Showing posts with label Amazon. Show all posts
Showing posts with label Amazon. Show all posts

Monday, January 20, 2020

4539 Your Updated Shopping Channel Guide

Would you buy a mail order mattress from this guy?



The TV shopping channels are slipping.  Time was most of them gave you a decent product at a decent price.  They are marvels of speed shipping, second only to Amazon and Zappos. And masters of fat “shipping and handling” charges. 

We are not going to name names.  But you probably know that the biggest player has acquired the second biggest player, that the third biggest player has changed its name for the fourth time in ten years.

And you probably know that the two biggest players now have three channels each on your TV provider.  Company number three is working toward adding to this glut.

Let’s start with the basic premise that the main point of these huge and complex virtual stores is to make you want stuff that you might not have thought of without their help.  Kindly, no? The targets are mostly women.

Hair goo, skin goo, a thousand varieties of cosmetics.  Eye stuff. Hair removal stuff, moisturizers, wrinkle creams, all things that key into the Great Secret of the American Woman.

What is that secret?  Deep in her heart of hearts, many believe her appearance is somehow flawed.  This starts pre-teen and often lasts right through to old age -- and old ain’t our grandparents’ old. We live way longer.

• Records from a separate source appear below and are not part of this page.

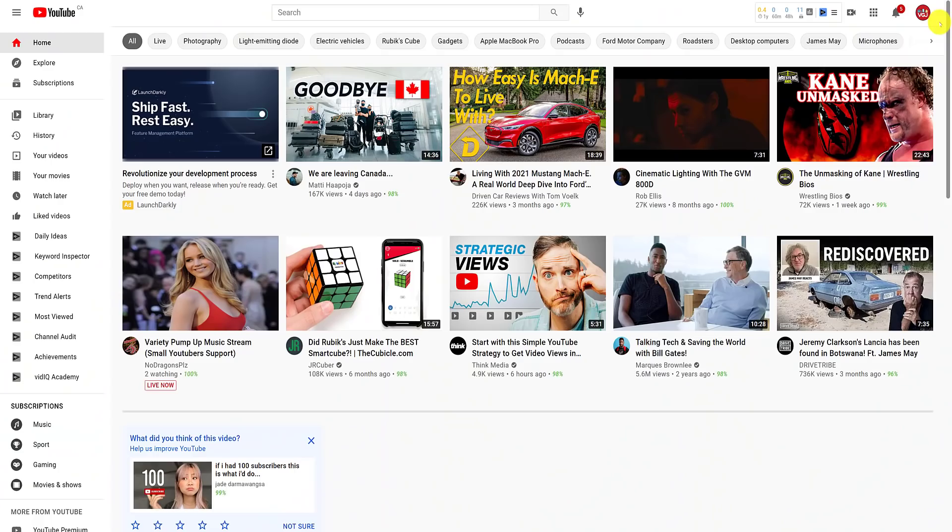Changing your YouTube channel name should be really easy, right? And yet I have to make a new video on it every six months. This is why.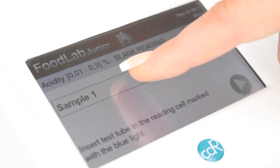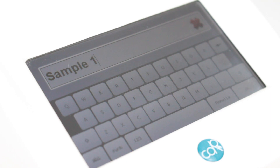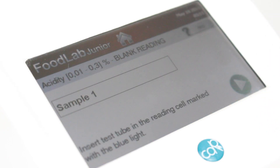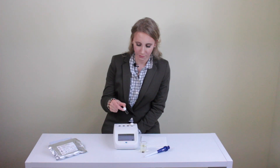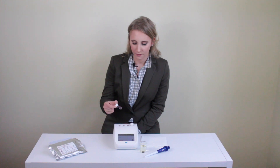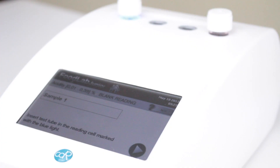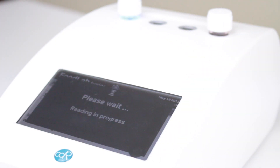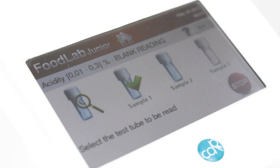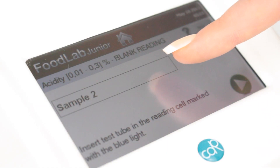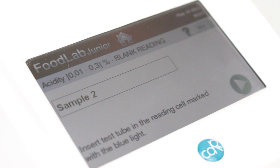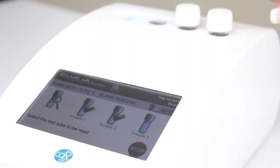Next you'll perform the blank reading. For this you'll simply select Sample One — you can change the name of the sample if you'd like, or you can keep it as Sample One. Take the reagent cuvette you'd like to use, invert it, and place it into the blinking blue reading cell, then press the green arrow. If you'd like to test more than one sample, you can repeat the same step for Sample Two.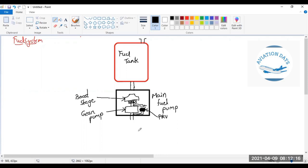The PRV safeguards the pipe: if there is excess pressure downstream, it relieves the pressure by routing fuel back. So the flow is: fuel tank → boost stage (centrifugal pump, pressurizes fuel) → filter (removes contaminants) → gear pump. Both the boost stage and gear pump are connected to the accessory gearbox. When the gearbox rotates — driven also by the starter — pressure is created.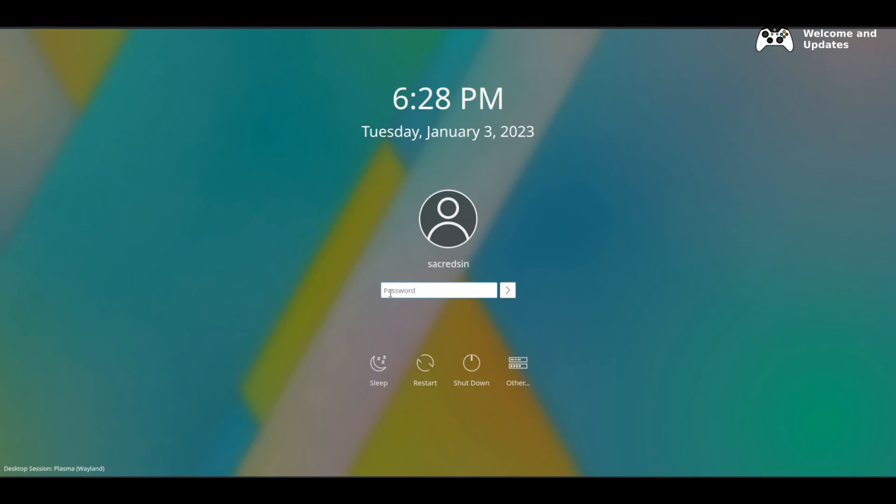Once rebooted you will be greeted by a login screen. Here you can enter your user account as well as choose whether to boot into an X11 or Wayland session. Wayland is currently the default.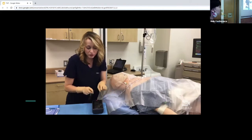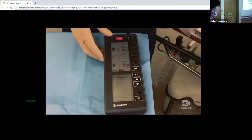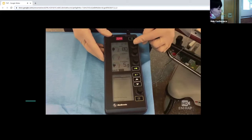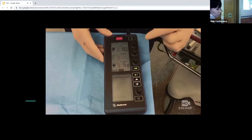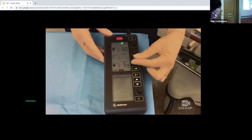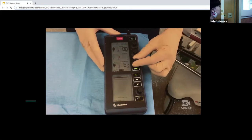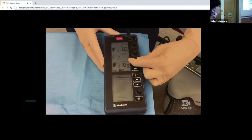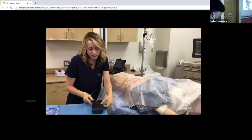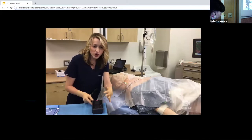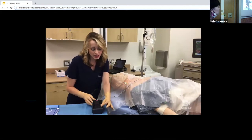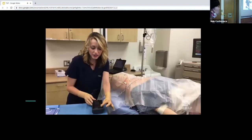Have the assistant turn on the pacing generator. The rate on this one is set to 80 — it's okay to go slower since their intrinsic rate will be much slower than that. We don't have to pace the atrium; we just have to pace the ventricle. This generator has options for both, but we're just pacing the ventricle. I have the output set at 5 milliamps — you can adjust that higher if needed. You can also change the sensitivity, which is set at 3. If you're troubleshooting and it's picking up some intrinsic rate, you can turn sensitivity down to zero. We'll leave it at 3 for now.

In her three o’clock in the morning self evaluation, many women believe “My this is too big.  My that is too small. I’m only (fill in the age) and my eyes have big bags, my neck looks like a turkey and my skin is turning to crepe paper.”

Wrong, ladies.

There’s nothing wrong about putting your best face (and other things) forward. Even if you don’t… you’re fine just the way you are.  But as long as you think you aren’t, you’re going to buy lifting creams and hair thickeners and the electrical appliances that go with them, like curlers or straighteners or blow dryers, each the supposed be-all and end-all of beautyworld.  Once home, you’ll find the appliance is too heavy or to loud or the cord is too short or too long. But you’ll keep it anyway.

There are channels that specialize in jewelry, though they all sell at least some.  A lot of them brag about gemstones you never heard of. Tanzanite, Morganite, Russian Diopside. Often the stones are pretty nice and well priced. But the settings of rings and the clasps of chains are pure junk. You get what you pay for.

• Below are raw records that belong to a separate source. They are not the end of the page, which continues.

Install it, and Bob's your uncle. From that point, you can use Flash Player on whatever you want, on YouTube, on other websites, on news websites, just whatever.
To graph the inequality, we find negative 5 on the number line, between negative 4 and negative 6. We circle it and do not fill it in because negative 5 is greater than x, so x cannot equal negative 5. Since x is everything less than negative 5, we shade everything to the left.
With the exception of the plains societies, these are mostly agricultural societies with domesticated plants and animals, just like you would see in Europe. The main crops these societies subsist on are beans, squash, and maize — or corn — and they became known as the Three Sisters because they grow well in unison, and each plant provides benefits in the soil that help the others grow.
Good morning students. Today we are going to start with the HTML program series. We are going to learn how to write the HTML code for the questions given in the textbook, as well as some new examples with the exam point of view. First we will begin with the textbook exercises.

Who will pay to fix that nice sweater you had when your Herkimer Diamond Quartz ring’s setting rips a hole in the sleeve?

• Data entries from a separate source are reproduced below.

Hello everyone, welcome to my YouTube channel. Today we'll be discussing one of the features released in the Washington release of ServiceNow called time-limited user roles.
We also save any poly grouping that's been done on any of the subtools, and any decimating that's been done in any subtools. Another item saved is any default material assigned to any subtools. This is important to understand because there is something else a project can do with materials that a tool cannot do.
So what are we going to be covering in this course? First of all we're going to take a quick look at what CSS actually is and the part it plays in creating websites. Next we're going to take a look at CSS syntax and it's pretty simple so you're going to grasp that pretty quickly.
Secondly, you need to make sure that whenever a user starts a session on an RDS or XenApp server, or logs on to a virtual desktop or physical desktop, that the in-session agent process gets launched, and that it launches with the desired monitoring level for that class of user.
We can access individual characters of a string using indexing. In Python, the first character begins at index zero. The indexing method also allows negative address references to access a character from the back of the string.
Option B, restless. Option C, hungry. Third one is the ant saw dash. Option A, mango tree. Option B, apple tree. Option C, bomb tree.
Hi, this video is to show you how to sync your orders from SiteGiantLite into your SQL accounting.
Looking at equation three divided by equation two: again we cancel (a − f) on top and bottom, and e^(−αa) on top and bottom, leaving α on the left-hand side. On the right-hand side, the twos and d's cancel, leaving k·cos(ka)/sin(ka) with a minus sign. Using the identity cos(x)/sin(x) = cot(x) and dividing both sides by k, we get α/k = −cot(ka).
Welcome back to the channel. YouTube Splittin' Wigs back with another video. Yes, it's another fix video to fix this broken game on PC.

Shoes: A thousand brands. Some you’ve heard of and trust but shouldn’t. Some make promises they can’t keep and don’t.  EZ returns (at a price.) Slow refunds.
Usually, they have nerdy men to sell you electronics to scare you.  Video cams, video doorbells. Brand-X telephones and tablets and the occasional bloatware-larded computer with trial programs and actual programs you’ll never use.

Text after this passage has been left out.